Nothing but the lines from the one that holds "Satılır 5 otaqlı həyət evi 200 m²" through the end of the material should be repeated, each exactly as it stands, and pictures stay out.

(Beginning of Provided data)

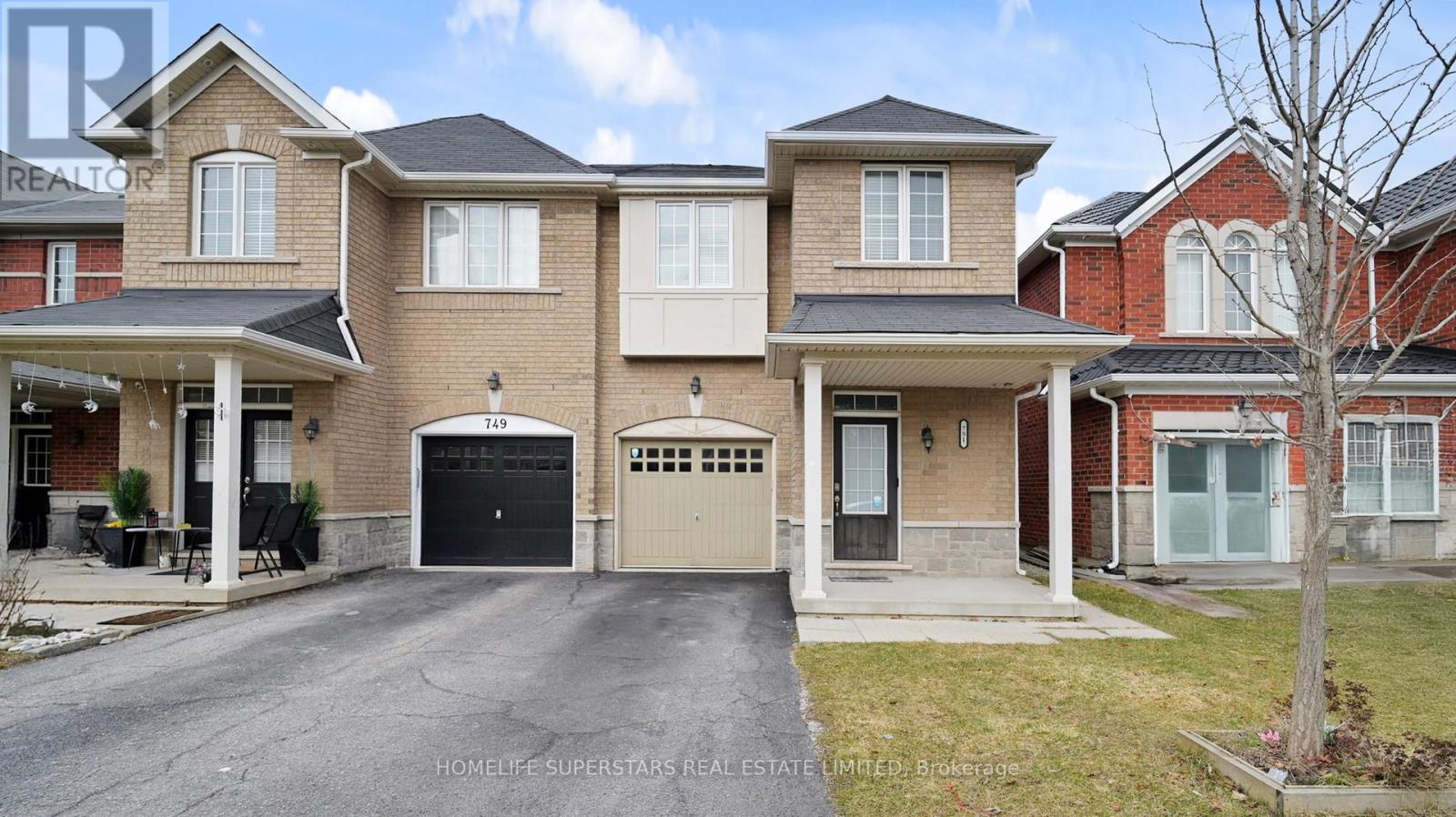 751 Agnew Crescent E, Milton, Ontario  L9T 8M5 - Photo 2 - W12922404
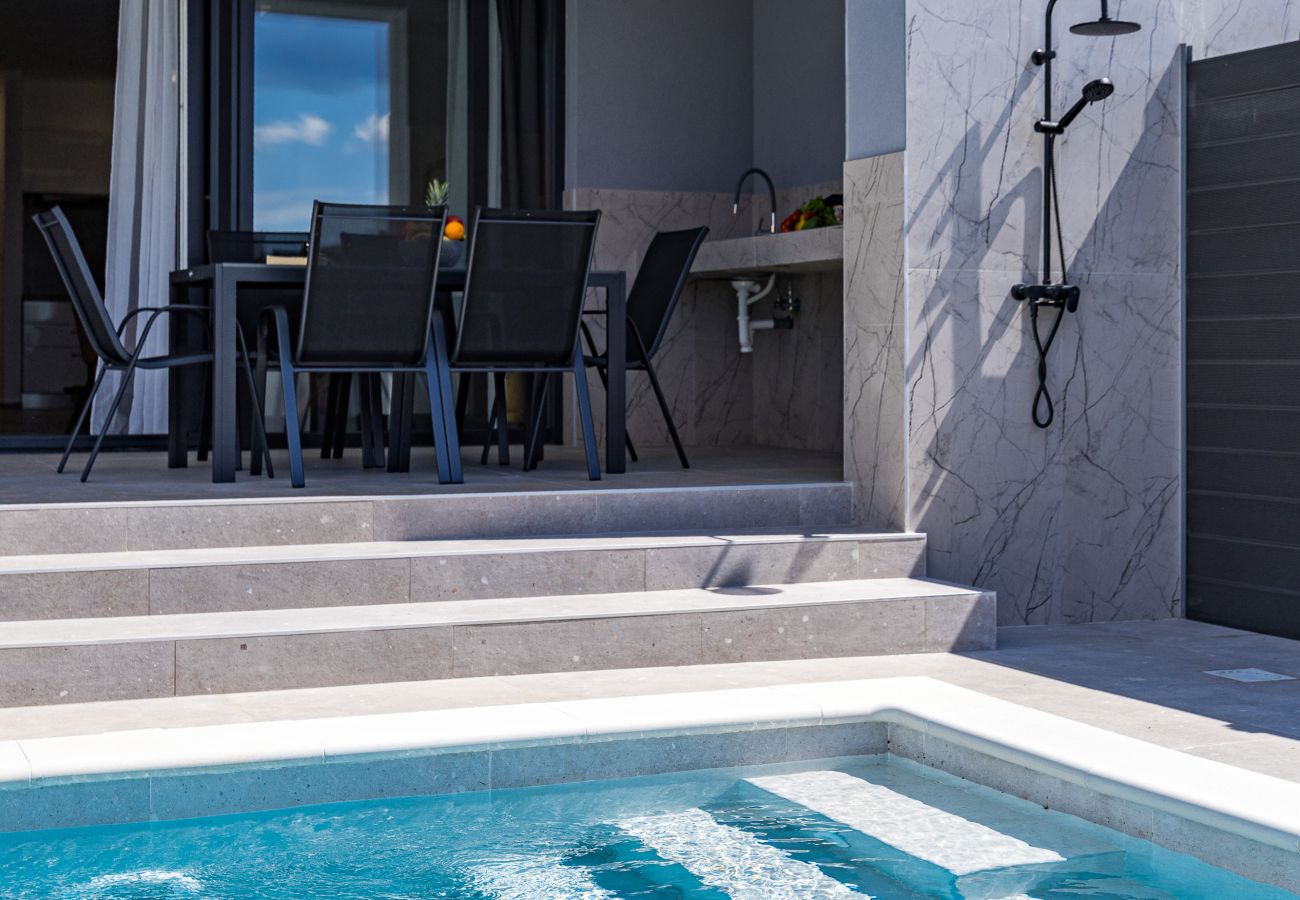 Villa in Radeki Polje - Modern Family Villa Teo with Private Pool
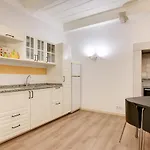 Charming New In The Heart Of Apartmán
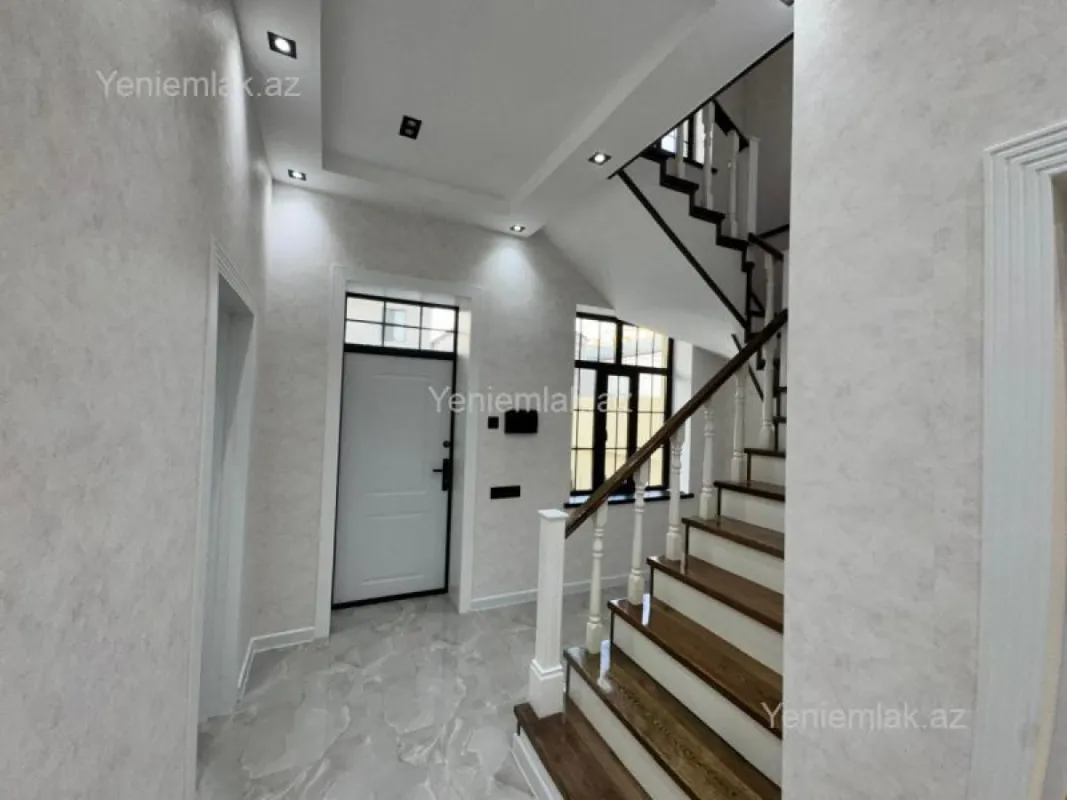 Satılır 5 otaqlı həyət evi 200 m²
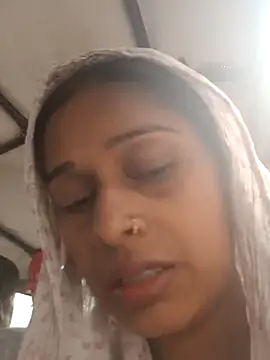 hotshreya69 online show from December 2025 09:25:01 AM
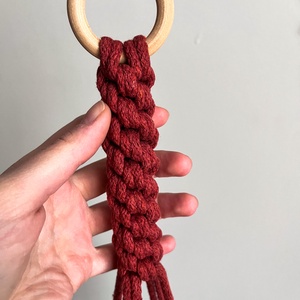 Modern makramé virágtartó, pirosas-téglás fonalból - otthon & életmód - dekoráció - Meska.hu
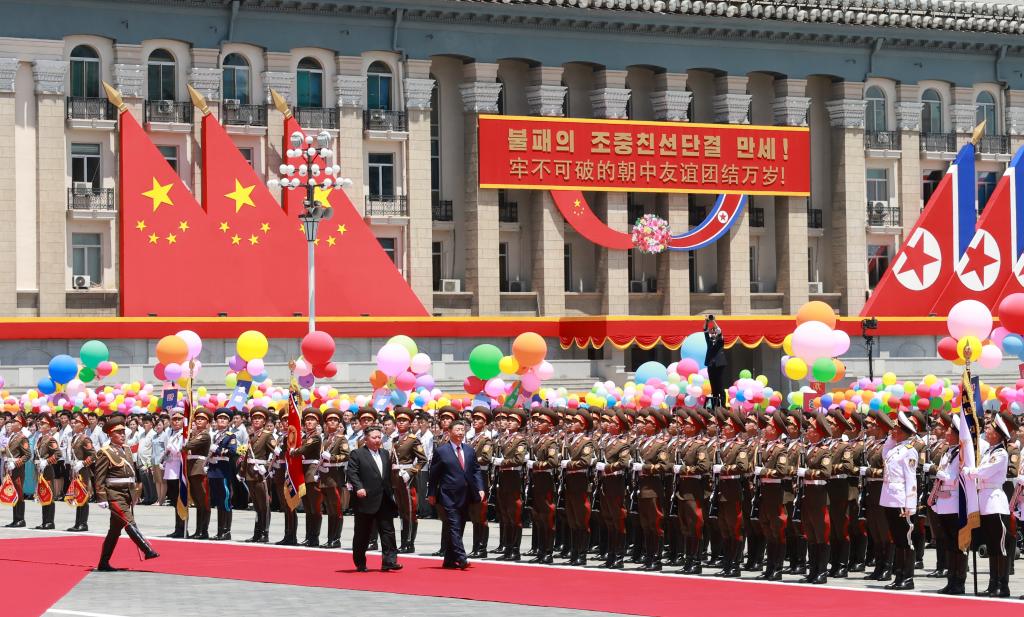 Xi recibe gran bienvenida a su llegada a Pyongyang para realizar visita de Estado a RPDC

(End of Provided data)

» **Problem solution**
 Satılır 5 otaqlı həyət evi 200 m²
 hotshreya69 online show from December 2025 09:25:01 AM
 Modern makramé virágtartó, pirosas-téglás fonalból - otthon & életmód - dekoráció - Meska.hu
 Xi recibe gran bienvenida a su llegada a Pyongyang para realizar visita de Estado a RPDC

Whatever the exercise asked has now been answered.